WORK ITEM
All entries below must be retyped exactly, though pictures are to be skipped.
*** EXERCISE MATERIAL
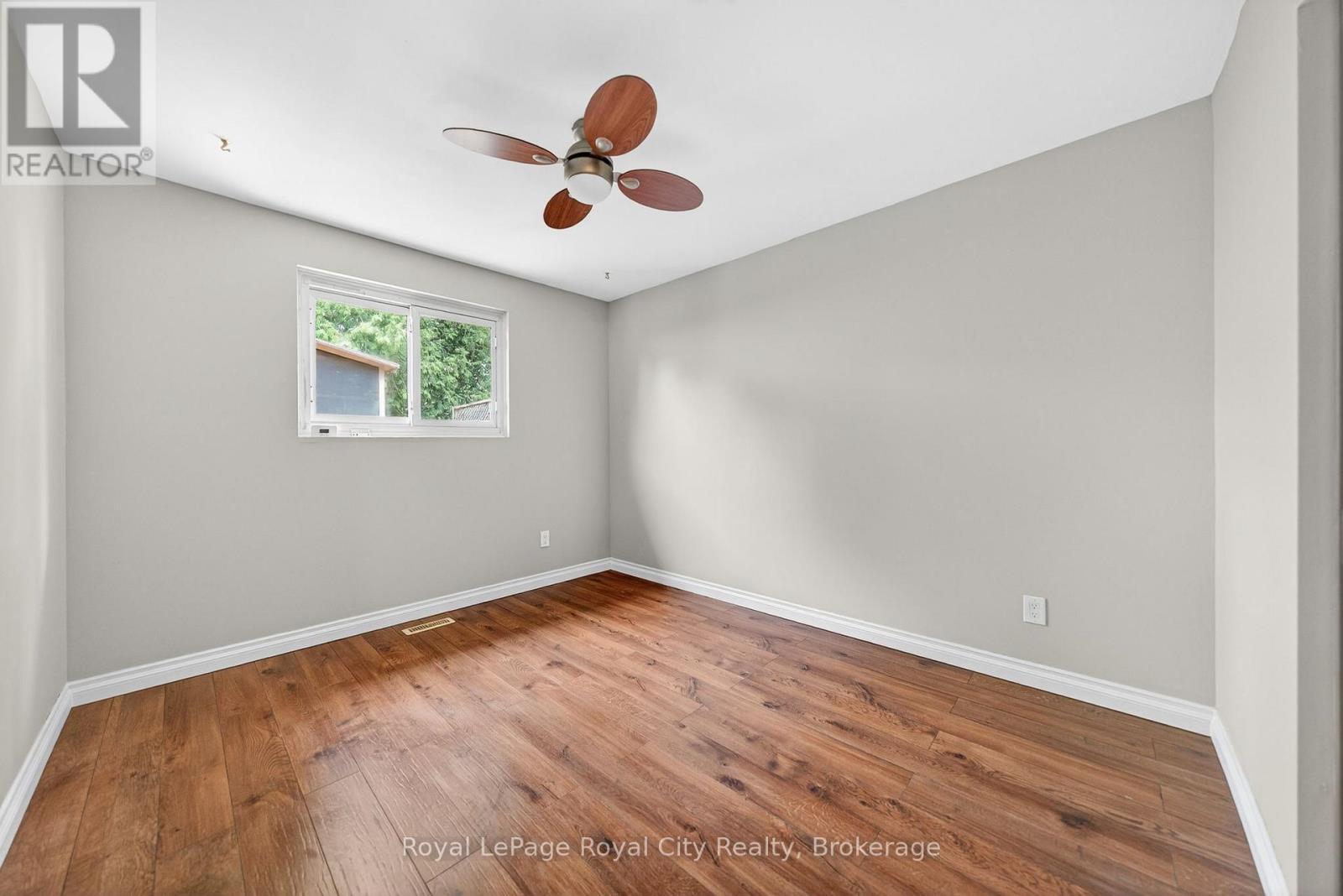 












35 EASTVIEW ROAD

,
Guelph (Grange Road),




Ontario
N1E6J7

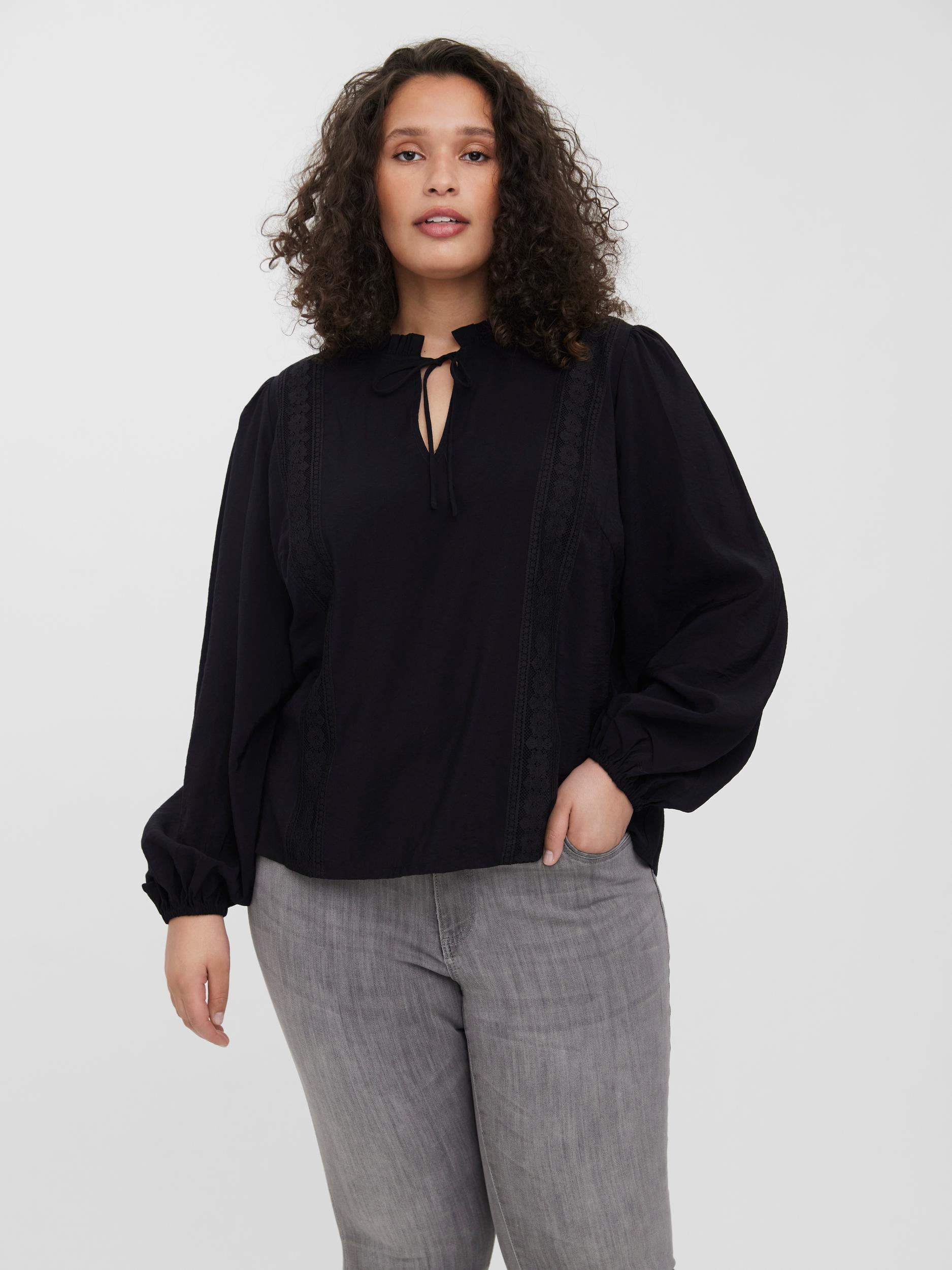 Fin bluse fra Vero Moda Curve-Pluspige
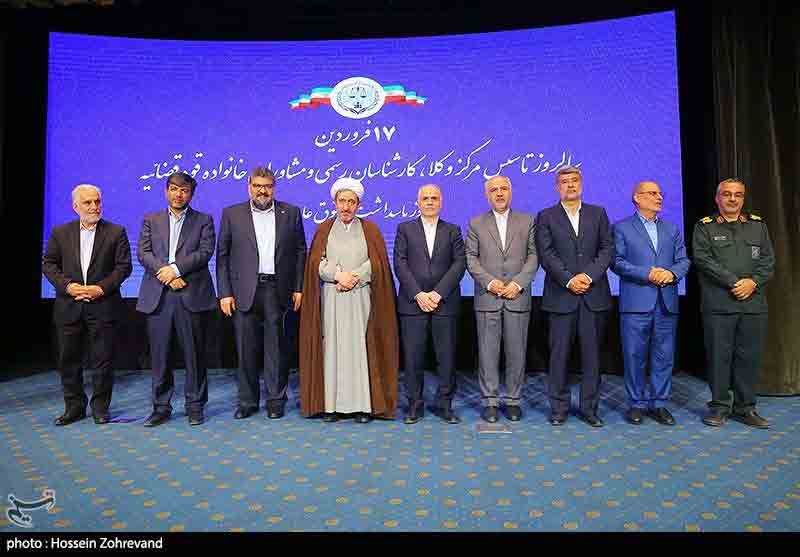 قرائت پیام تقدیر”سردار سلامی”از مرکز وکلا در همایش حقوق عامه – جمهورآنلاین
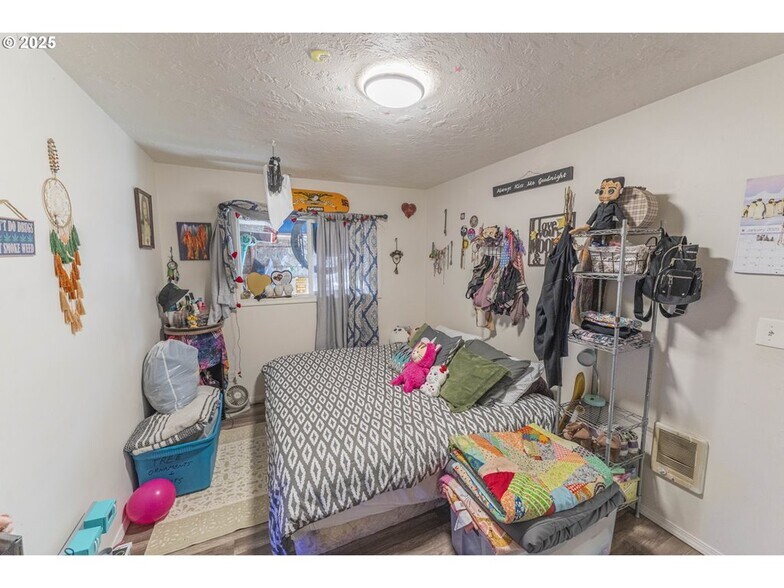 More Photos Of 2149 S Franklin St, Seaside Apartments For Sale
******
THE COMPLETED TASK
35 EASTVIEW ROAD

,
Guelph (Grange Road),




Ontario
N1E6J7

 Fin bluse fra Vero Moda Curve-Pluspige
 قرائت پیام تقدیر”سردار سلامی”از مرکز وکلا در همایش حقوق عامه – جمهورآنلاین
 More Photos Of 2149 S Franklin St, Seaside Apartments For Sale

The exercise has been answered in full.